Direktur Penyidikan Jaksa Agung Muda Bidang Tindak Pidana Khusus (Jampdisus) Kejaksaan Agung Supardi mengatakan pihaknya belum bisa menyebut nama sosok yang bertanggung jawab dalam kasus dugaan korupsi Eximbank tersebut.
Selain itu, Supardi mengatakan saat ini Kejaksaan Agung juga telah sepakat dengan Badan Pemeriksa Keuangan (BPK) mengenai surat tugas untuk melakukan proses perhitungan kerugian negara. Namun, Supardi belum bisa mengatakan angka pasti dari kerugian negara yang dialami.
Hal ini karena dalam kasus Eximbank terdapat beberapa klaster perusahaan yang terlibat dalam kasus tersebut. Dalam penetapan tersangka Supardi mengatakan tidak harus menunggu angka kerugian negara.
"Angka nanti di akhir," ujar Supardi kepada wartawan pada Selasa (9/11) malam di Gedung Bundar.
Sebelumnya pada 2 November lalu, Korps Adhyaksa telah menetapkan tujuh tersangka dalam kasus ini.

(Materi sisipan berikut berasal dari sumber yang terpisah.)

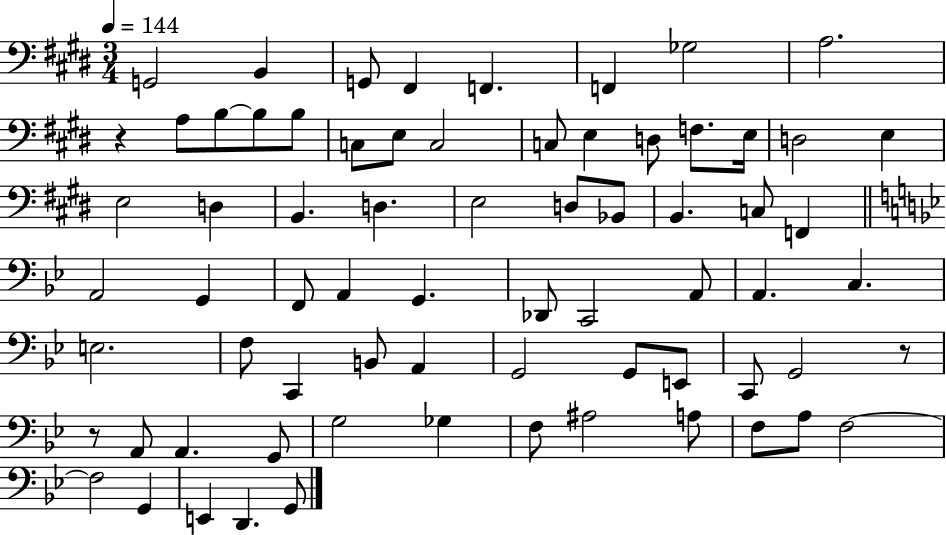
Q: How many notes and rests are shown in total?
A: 71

Kepala Pusat Penerangan Hukum Kejaksaan Agung Leonard Eben Ezer Simanjuntak mengatakan, ketujuh orang tersebut dinaikkan statusnya dari saksi menjadi tersangka. Mereka dinilai melakukan upaya menghalangi penyidikan dengan tidak memberi keterangan atau memberikan penjelasan yang tak benar saat proses pemeriksaan sebagai saksi.
Tindakan tersebut kemudian menyulitkan penanganan dan penyelesaian penyidikan. Padahal keterangan saksi dibutuhkan untuk memperjelas tindak pidana yang terjadi dan menemukan tersangka.
"Beberapa kali menolak untuk memberikan keterangan sebagai saksi dengan alasan yang tidak dapat dipertanggungjawabkan," ujar Leonard dalam konferensi pers, Selasa (2/11) malam.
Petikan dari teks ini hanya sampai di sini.